* [Captioned web image data]:
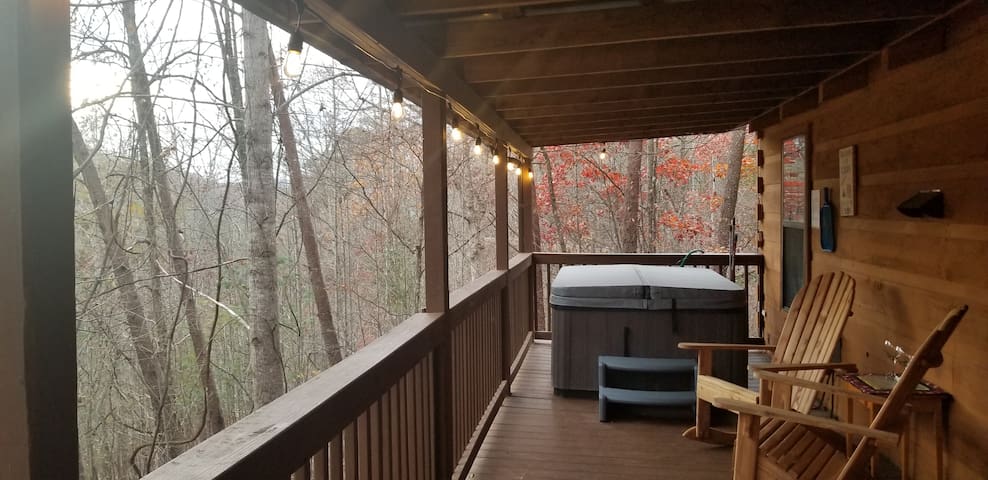 $99 Dec 3-5 Bear Tiny Cabin Hot Tub Swingbed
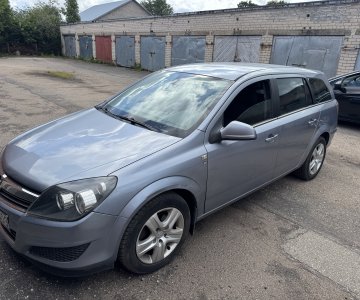 „Opel Astra“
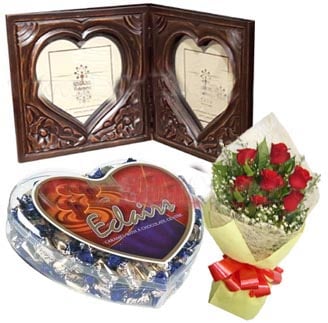 Wooden Photo Frame With6Pcs Red Roses And Heart Shape Chocolate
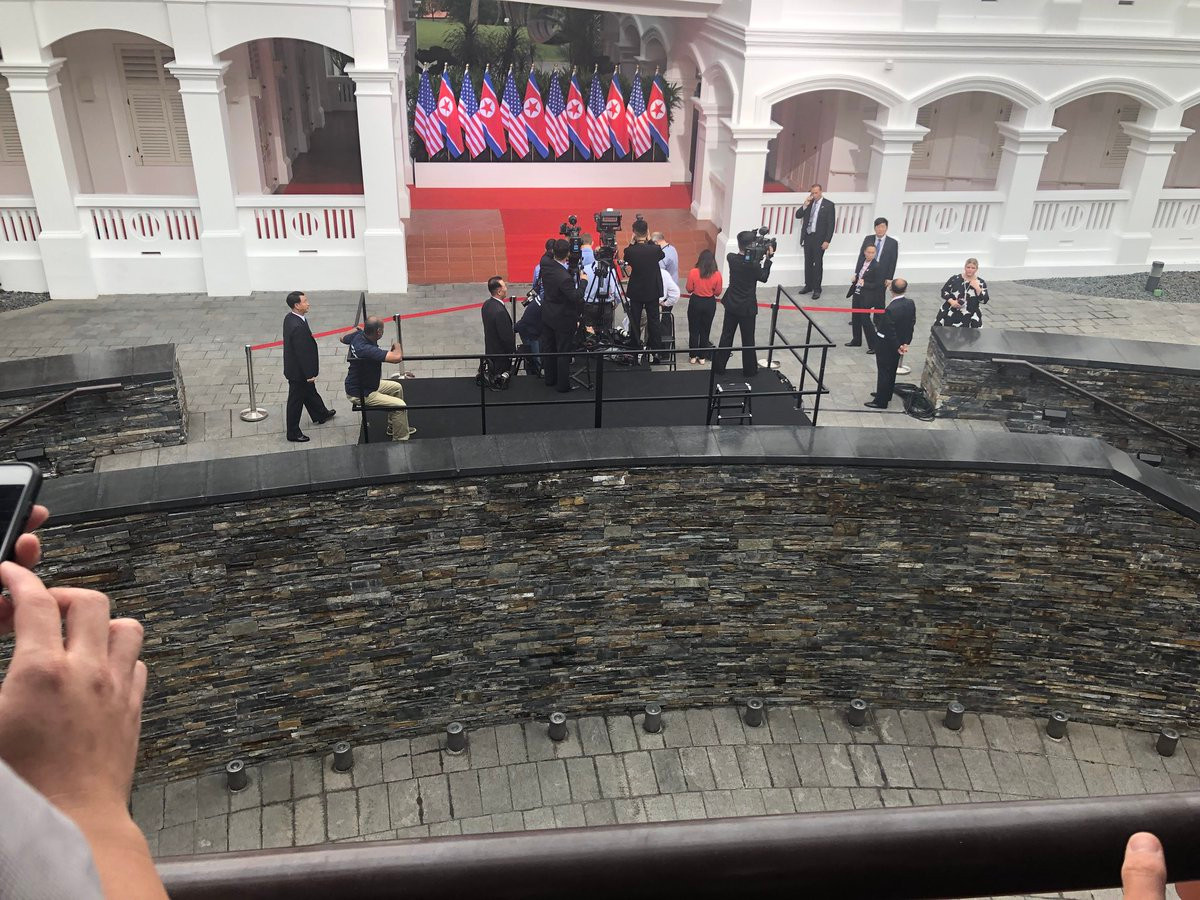 Ông Kim Jong-un: 'Thế giới ngỡ khoảnh khắc này như bộ phim viễn tưởng' ảnh 31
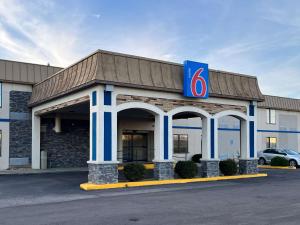 studio 6 suites springfield oh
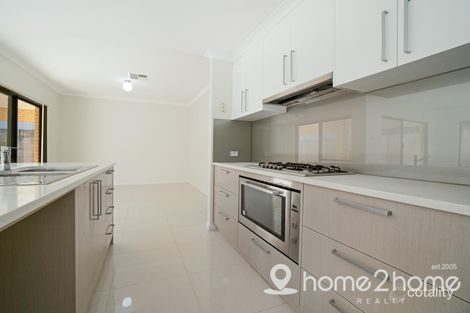 Property photo of 10 Aleppo Street Aubin Grove WA 6164
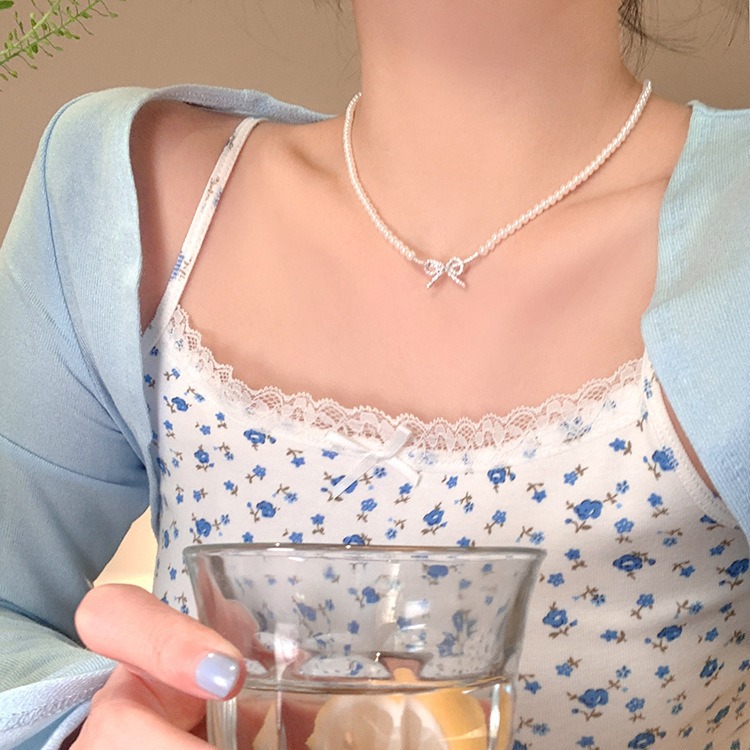 Wholesale of 2024 new style pearl bow necklace with a light luxury and niche design sense, sweet collarbone chain full figure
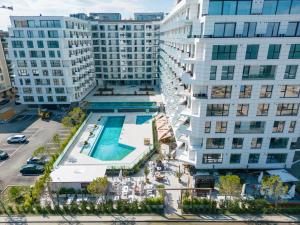 una vista sul soffitto di una piscina di fronte agli edifici di David & Andrei Infinity a Mamaia Nord - Năvodari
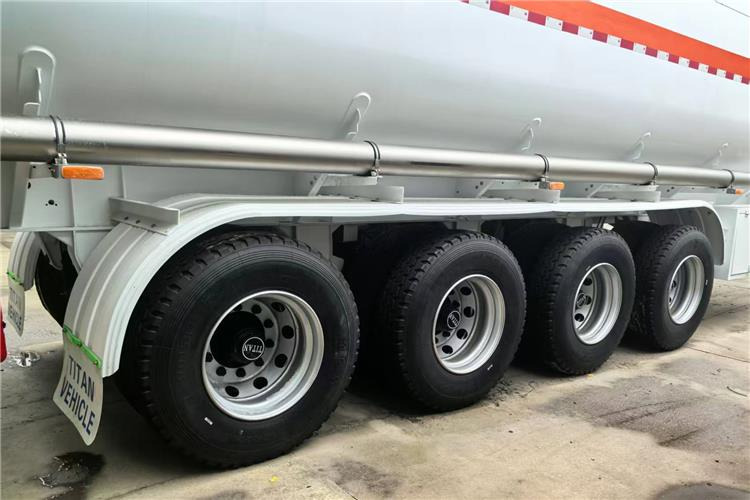 TITAN 4 Axle Fuel Tanker Trailer for Sale In Guyana - Tankauflieger: das Bild 5 TITAN 4 Axle Fuel Tanker Trailer for Sale In Guyana - Tankauflieger: das Bild 5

* [GOAL OF THE EXERCISE]: With pictures left out, repeat exactly the lines from the line bearing "Wooden Photo Frame" through the final line of the records above.

* [PROBLEM SOLUTION]:
 Wooden Photo Frame With6Pcs Red Roses And Heart Shape Chocolate
 Ông Kim Jong-un: 'Thế giới ngỡ khoảnh khắc này như bộ phim viễn tưởng' ảnh 31
 studio 6 suites springfield oh
 Property photo of 10 Aleppo Street Aubin Grove WA 6164
 Wholesale of 2024 new style pearl bow necklace with a light luxury and niche design sense, sweet collarbone chain full figure
 una vista sul soffitto di una piscina di fronte agli edifici di David & Andrei Infinity a Mamaia Nord - Năvodari
 TITAN 4 Axle Fuel Tanker Trailer for Sale In Guyana - Tankauflieger: das Bild 5 TITAN 4 Axle Fuel Tanker Trailer for Sale In Guyana - Tankauflieger: das Bild 5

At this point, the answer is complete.